I just tested drawing over the wmp using a transparent panel and its doesn't behave as my 3rd party control did,so I suggest you do the video playing bit in WPF and host that in your winforms app. (I just tested that too using @Callums inkcanvas suggestion and it works like a charm)

geoff
Thanks, but how do i do this technique of putting a WPF in a WinForm? Or do i need to get rid of it completely and just remake it on WPF? but if there is a way in which i don't have to delete and change my project to WPF then that would be ideal :)
Chris Bacon
@Chris: You can put a WinForm control into WPF but not the other way around.
Callum Rogers
@Callum - Not true - you can host a wpf control inside a winforms app: http://msdn.microsoft.com/en-us/library/system.windows.forms.integration.elementhost.aspx
geoff
@gwoff: Oh wow, learn something new everyday. Then the problem is solved, perhaps, in that he can write the Video + Annotations bit in WPF and host it in his WinForms application.
Callum Rogers
@Callum - yes, that's what I would do.
geoff
Chris Bacon
@Chris, yes take a look at http://www.codeproject.com/KB/WPF/Ink1.aspx#SaveAsISF. Also, if my answer or comments helped you, please consider upvoting my answer :)
Callum Rogers
@Chris - You will not be able to save the annotations onto the video, if that's what you mean. For that you're into the world of 3rd party components to re-encode the video. Otherwise you need to save the annotations separately along with the time in the video, so that you can 'replay' them over the video. You might need to implement your own drawing mechanism using mouse events if the InkCanvas doesn't provide enough flexibility.
geoff
Ok thanks, but how do i do this inkcanvas that allows me to save the annotations separately to play over the video again?
Chris Bacon
A: 

Ok, by far and away the best way of doing this is to use Silverlight. Silverlight supports all of the major streaming formats and also provides complete access to the framebuffer.

Easy :-)

Alan Simes
Silverlight is just a subset of WPF that is designed to be used with webpages.
Callum Rogers
I dont follow? Please see http://wpfslguidance.codeplex.com/releases/view/30311. It is not just a subset of WPF, once of the major differences is how easy it is to distribute Silverlight applications via the Web. See the video overlay support in Silverlight for more information.
Alan Simes
@Alan - @Chris already has an existing winforms app that he wants this functionality in. How does silverlight solve that? Also SL cannot run in full trust(elevated-yes but not full) and the SL MediaElement can only play WMV VC-1 or h.264 video out of the box. WMP or WPF MediaPlayer can playback any video that the user has codecs installed for.
geoff
A: 

You might look at XNA (www.xna.com) from Microsoft. It is made for managed languages like c# and should support video.

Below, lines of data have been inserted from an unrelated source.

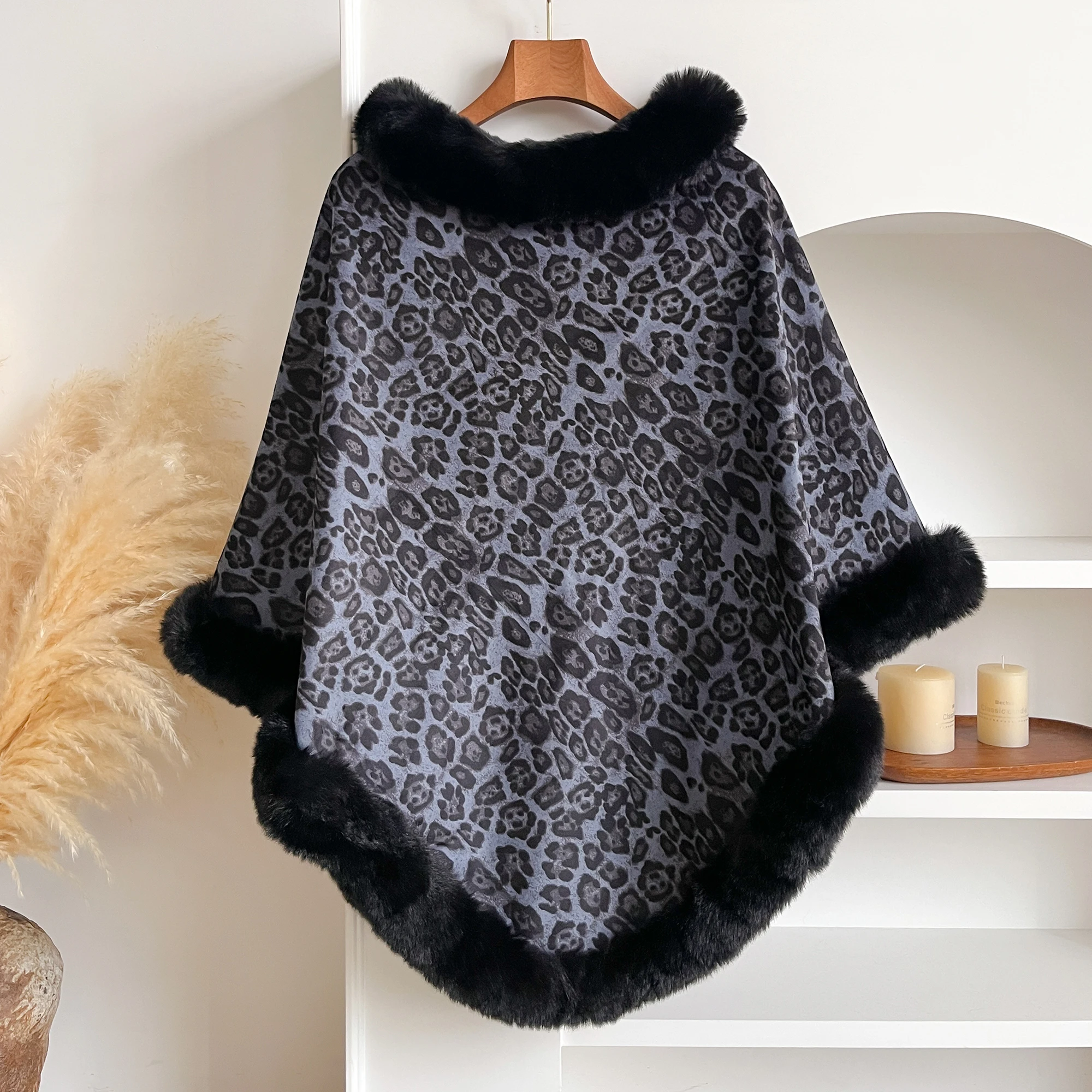 Leopard Print Faux Rabbit Fur Poncho Coat for Women Thick Warm Fluffy Lining Pullover Cape Winter Fashion Wrap Shawl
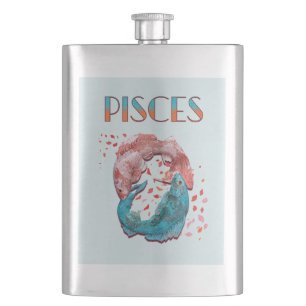 Pisces Fish Zodiac Horoscope Water Astrology Sign Hip Flask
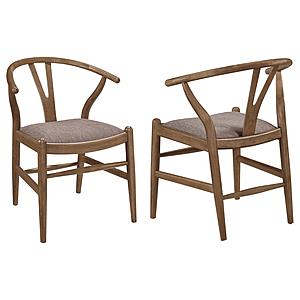 Dinah Danish Y-Shaped Back Wishbone Dining Side Chair Walnut and Brown (Set of 2) by Coaster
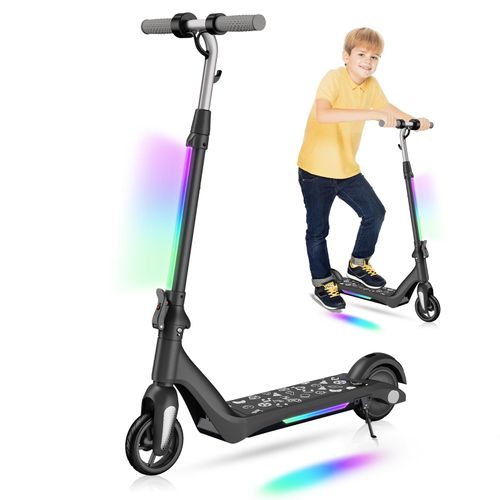 Elektroscooter Schwarz E Scooter Kinder bis zu 15km/h Kinderroller, Einfach zu Falten und zu Tragen E-Roller Für Jugendliche und Kinder Elektroroller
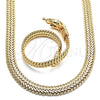 Collar y Pulsera 06.179.0001 Oro Laminado, Diseño de Llave Griega, Pulido, Tono Dorado
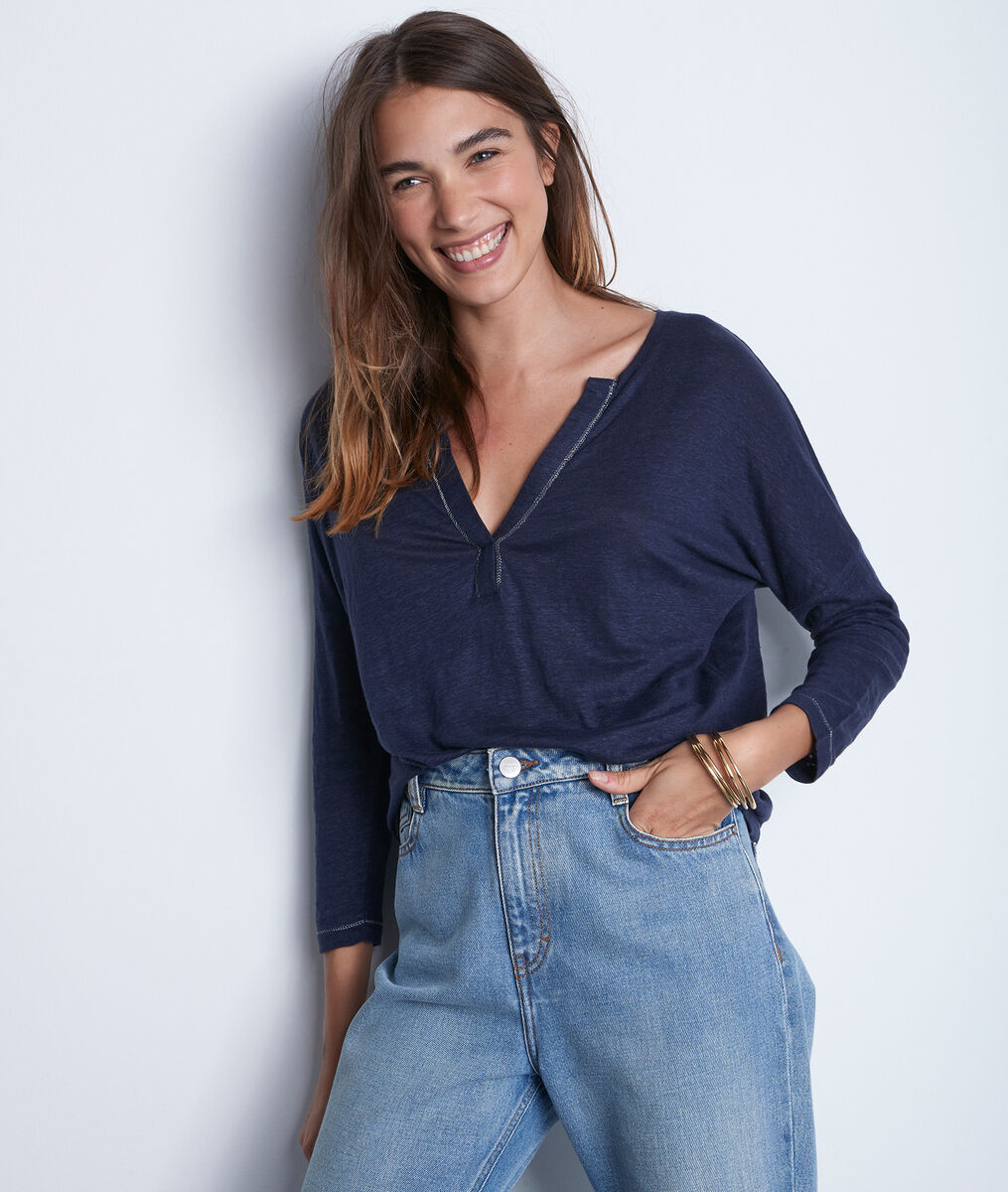 Tee-shirt en lin responsable certifié marine Ilea | 1-2-3 Tee-shirt en lin responsable certifié marine Ilea PhotoZ | 1-2-3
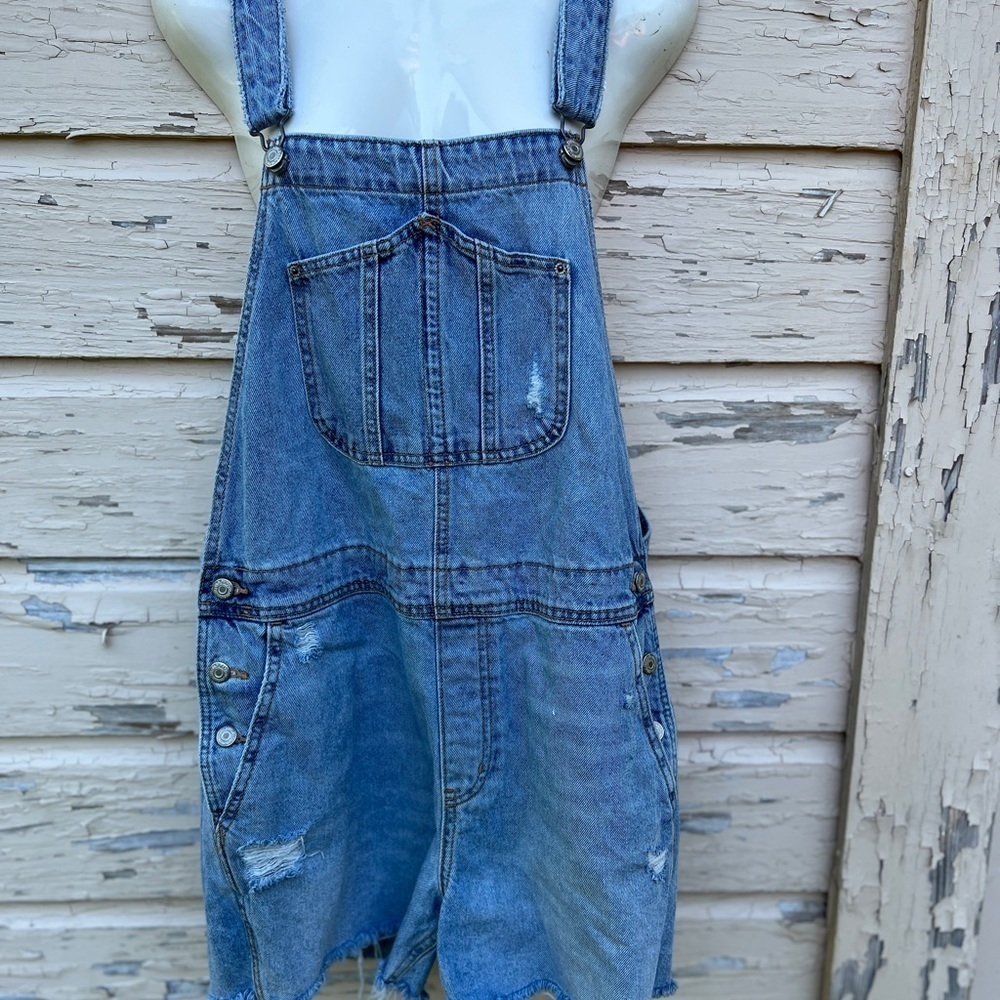 Old Navy Denim BoHo Jean Overalls Romper Shortalls Distressed Festival Large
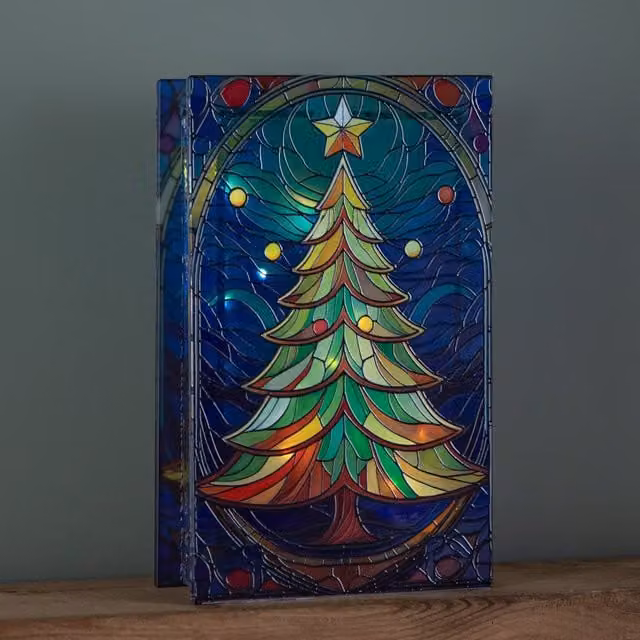 Samuel ALEXANDER Multicolour Stained Glass Christmas Tree Decoration with LEDs, Height: 21 cm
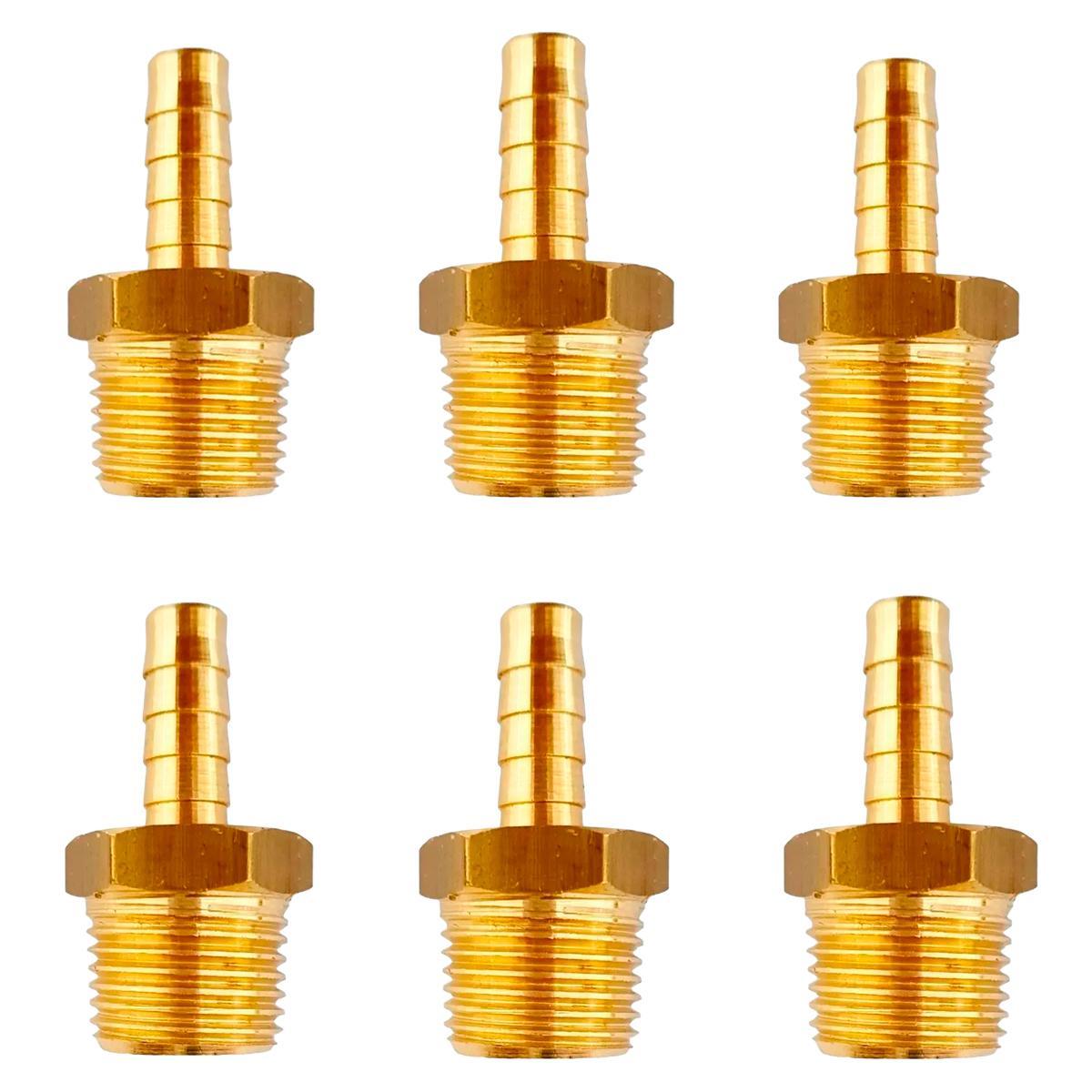 Miniatura 6 Espigão Adaptador 1/2 Gás Encanado X Bico Mangueira 3/8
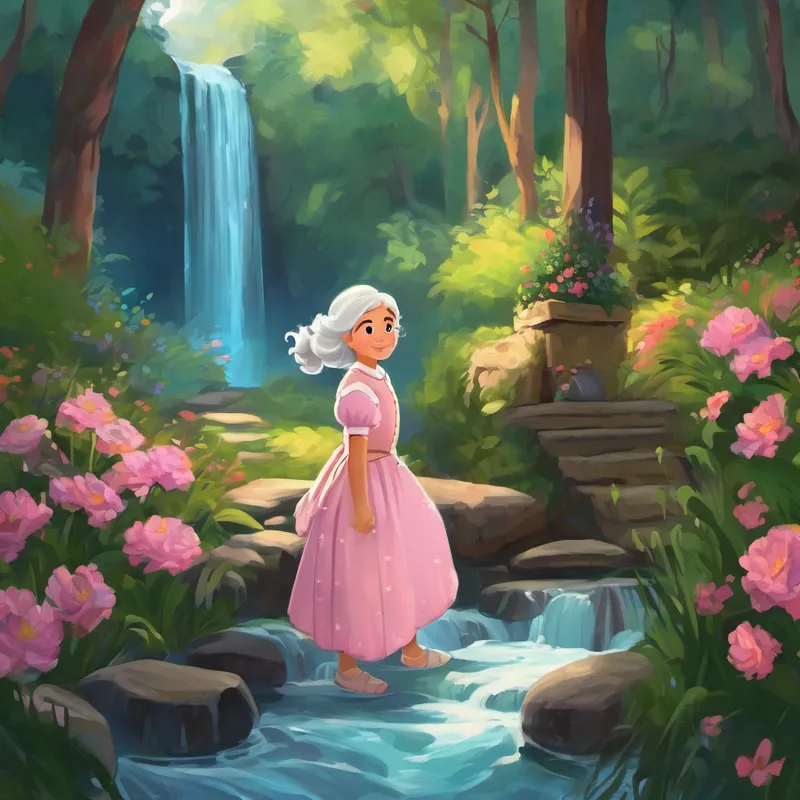 "Nonna," Sofia said, her eyes full of excitement, "I've heard about Il Mistero della Cascata Luccicante! Can you please tell me more about it?" Nonna Rosa smiled warmly and settled down beside Sofia on the bed. She began her tale, "Long ago, Sofia, there was a shimmering waterfall hidden deep within the enchanted forest. The water that flowed from it was said to have magical properties, granting wishes to those who were pure of heart."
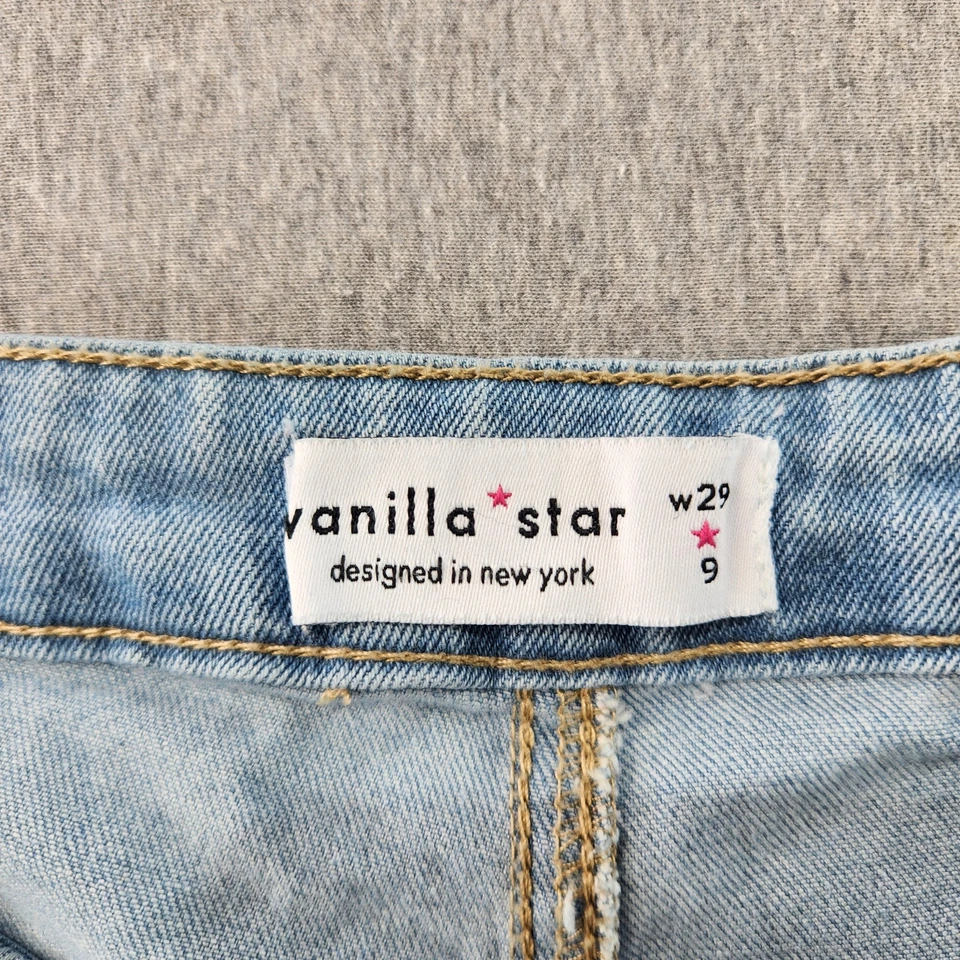 Pantalones de mezclilla Vanilla Star para mujer talla 9 azul lavado claro elásticos y cómodos fondo de campana Foto 3 de 4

I've only used it for drawing in c#, but it gets the job done.

I should also note that XNA will function as part of a regular Windows Forms app. For what it's worth, I have also prototyped something like this with Flash; Flash allows you to import each frame of the movie file into the editor and create a SWF that can respond to user interaction.

However, this approach is useless if you need to update the movie in real-time. Flash (last I checked) could only import the movie at design time.